Captioned web images
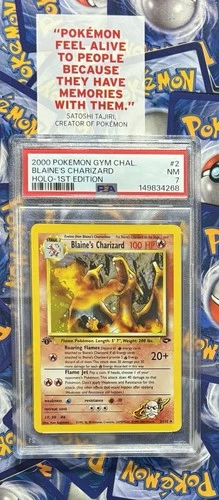 First Edition Blaine's Charizard 2/132 Holo PSA 7 - The Big Lizard 🔥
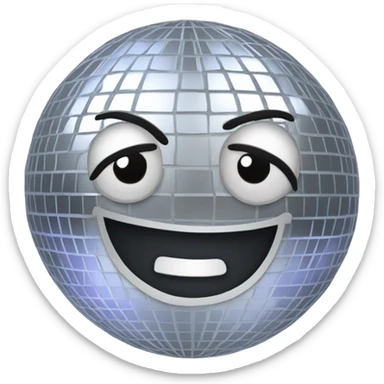 Silver disco ball but it is WINKING at me sticker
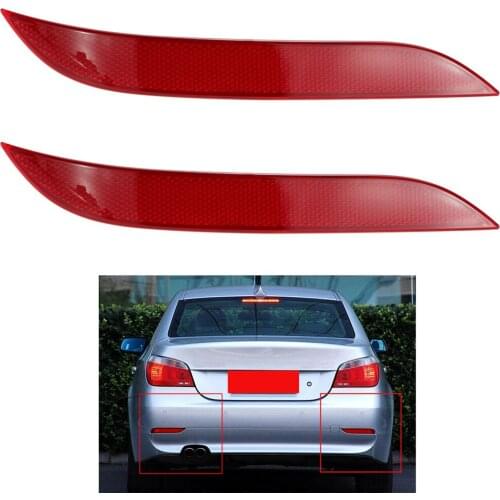 1Pair Car Left Right Rear Bumper Reflector Light Set For BMW 5 Series E60 525i 528i 530i 535i 545i 2004-2007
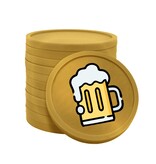 Gekleurde bier consumptiemunten Ø29mm - per 100 stuks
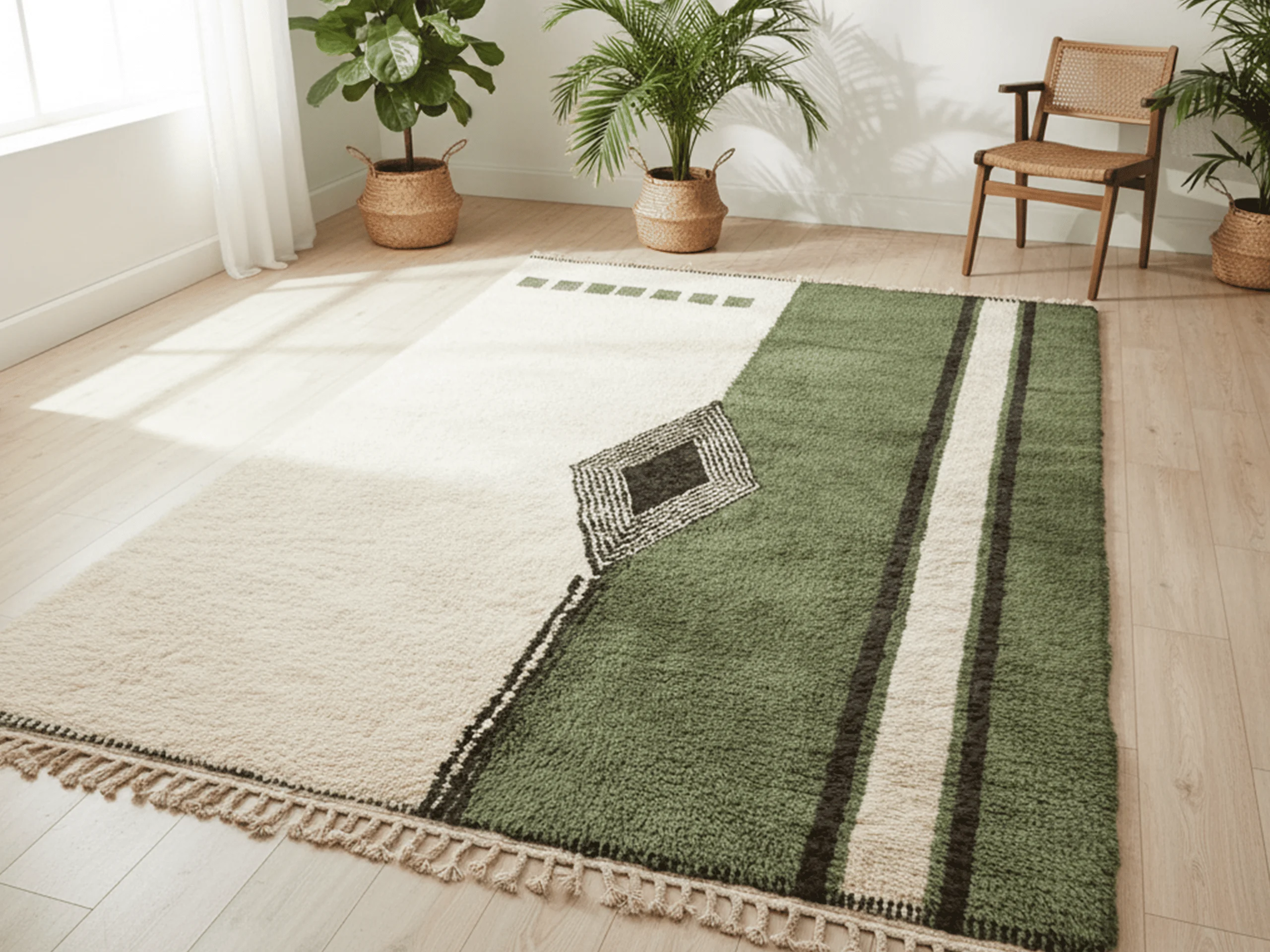 Angled view of the ivory and green rug showing the central diamond, cream stripe and fringe.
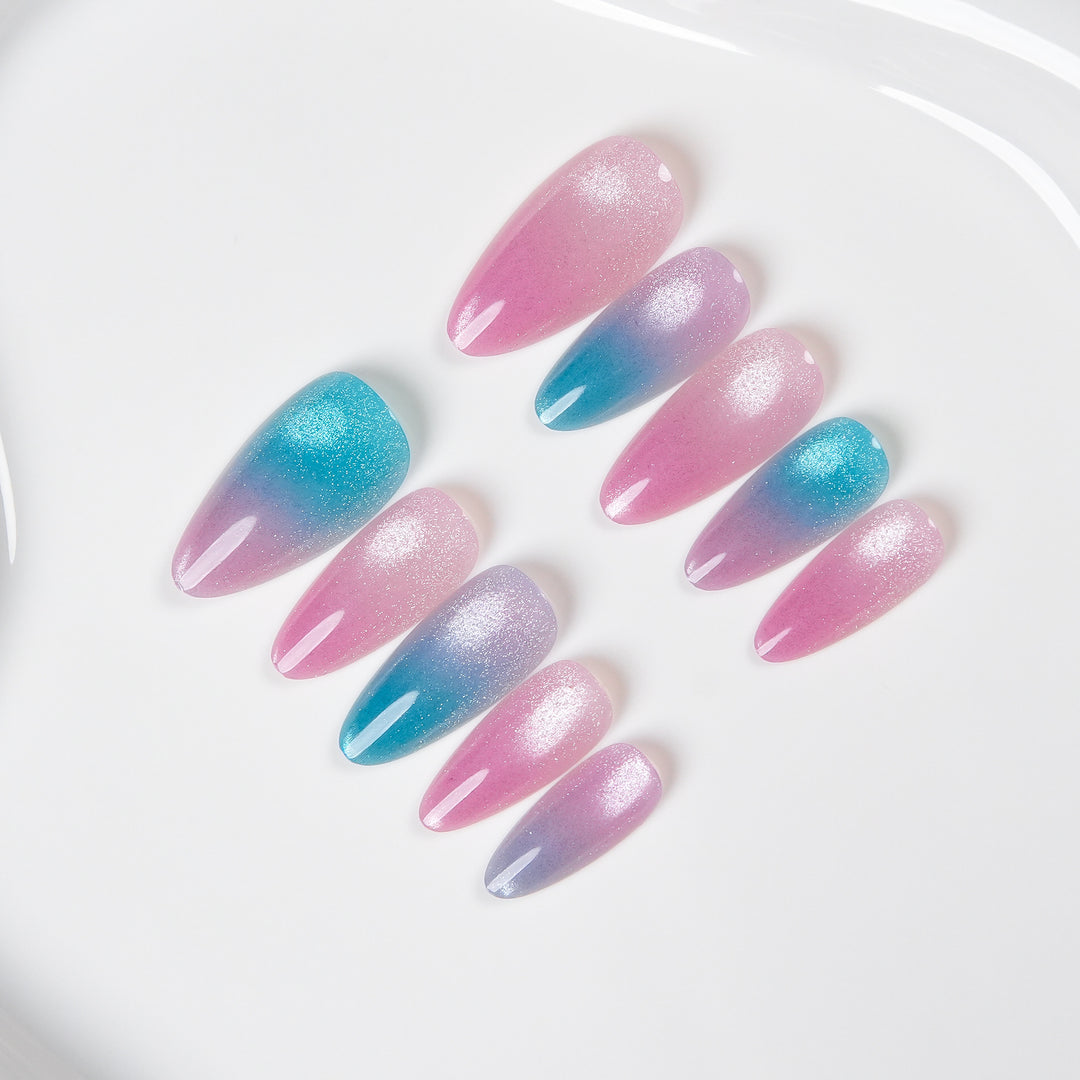 Glossy Ombre Press-On Nail Set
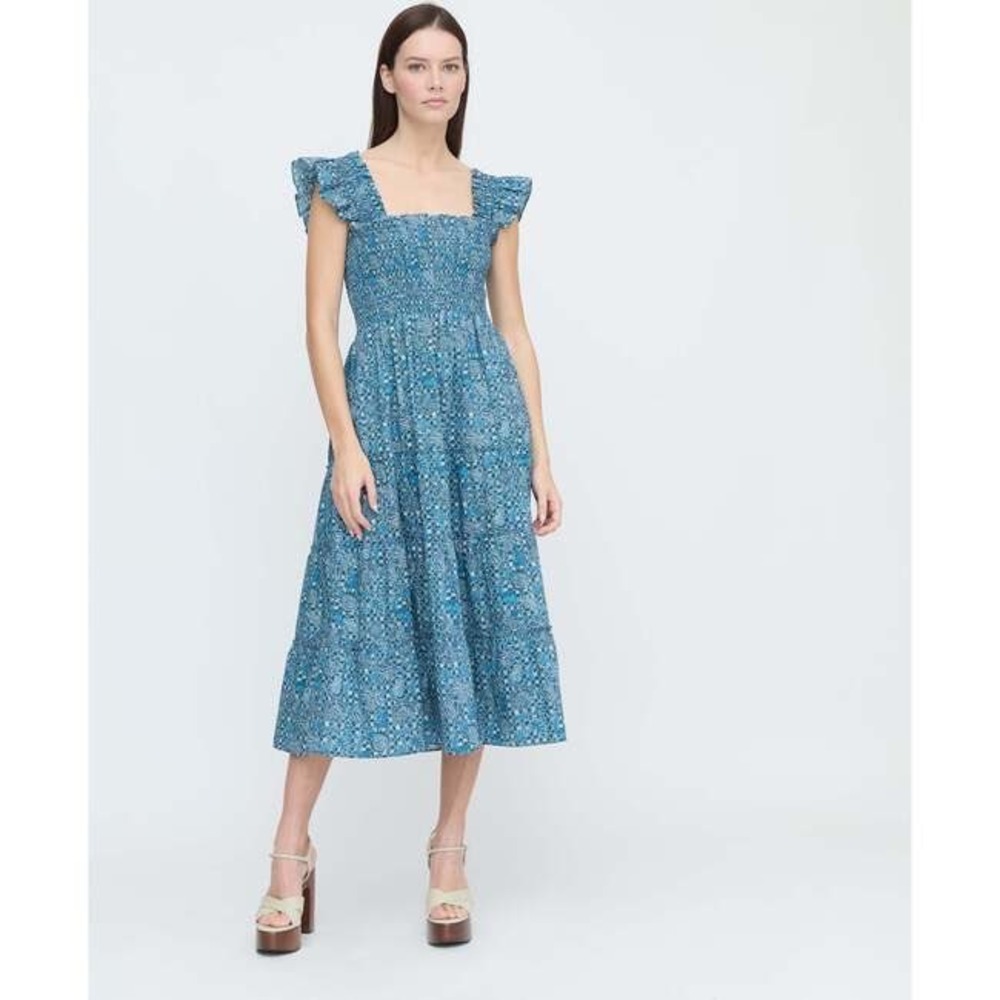 Hill House Home Ellie Nap Dress Calico Trellis‎ Navy Blue Smocked Midi XXS NEW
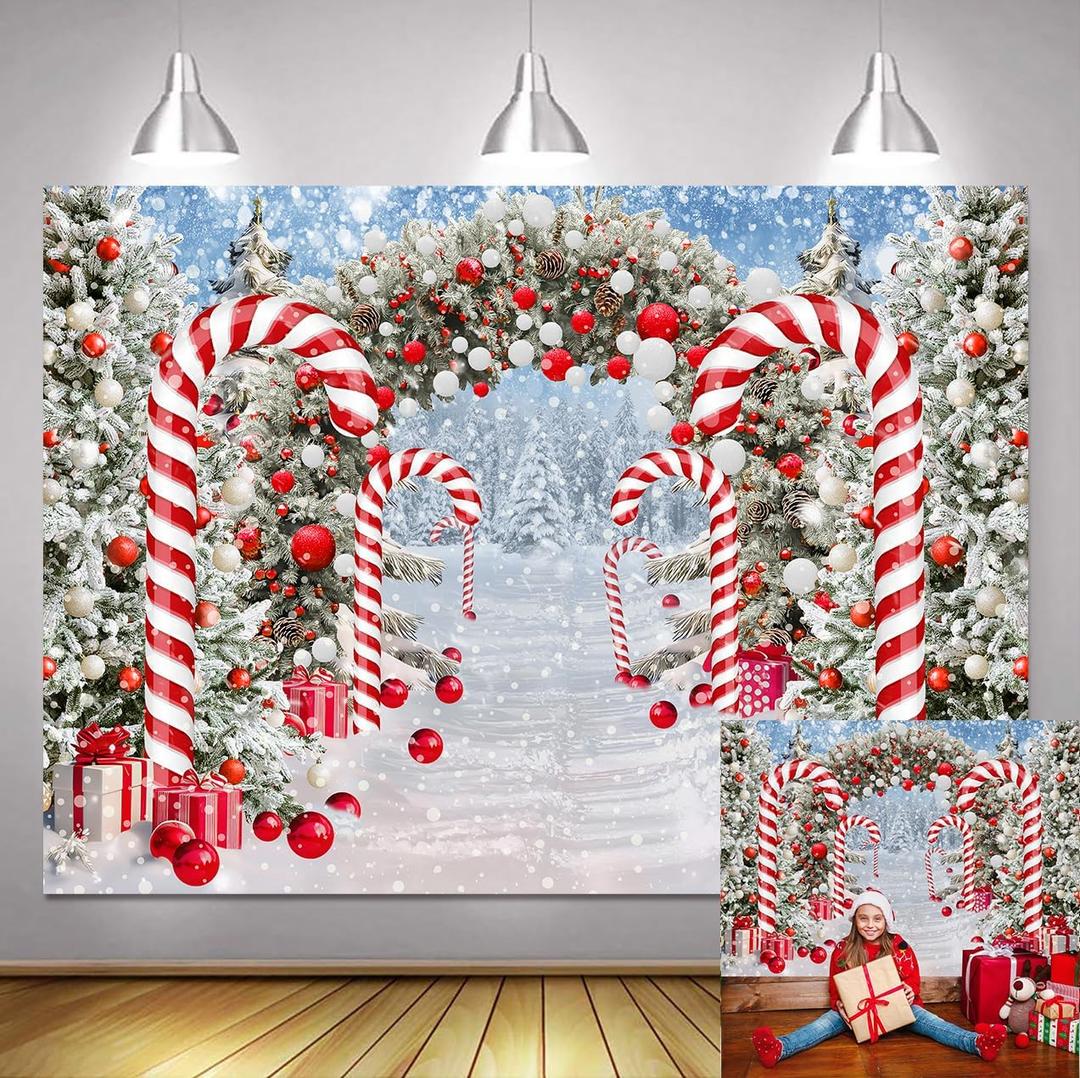 8x6ft Merry Christmas Cane Candy Photo Backdrop Xmas Tree Winter Snow World Forest Background Baby Shower Newborn Portrait New Year Eve Party Decoration Banner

The problem
Give back the data exactly. Pictures stay out.

Exercise result
 First Edition Blaine's Charizard 2/132 Holo PSA 7 - The Big Lizard 🔥
 Silver disco ball but it is WINKING at me sticker
 1Pair Car Left Right Rear Bumper Reflector Light Set For BMW 5 Series E60 525i 528i 530i 535i 545i 2004-2007
 Gekleurde bier consumptiemunten Ø29mm - per 100 stuks
 Angled view of the ivory and green rug showing the central diamond, cream stripe and fringe.
 Glossy Ombre Press-On Nail Set
 Hill House Home Ellie Nap Dress Calico Trellis‎ Navy Blue Smocked Midi XXS NEW
 8x6ft Merry Christmas Cane Candy Photo Backdrop Xmas Tree Winter Snow World Forest Background Baby Shower Newborn Portrait New Year Eve Party Decoration Banner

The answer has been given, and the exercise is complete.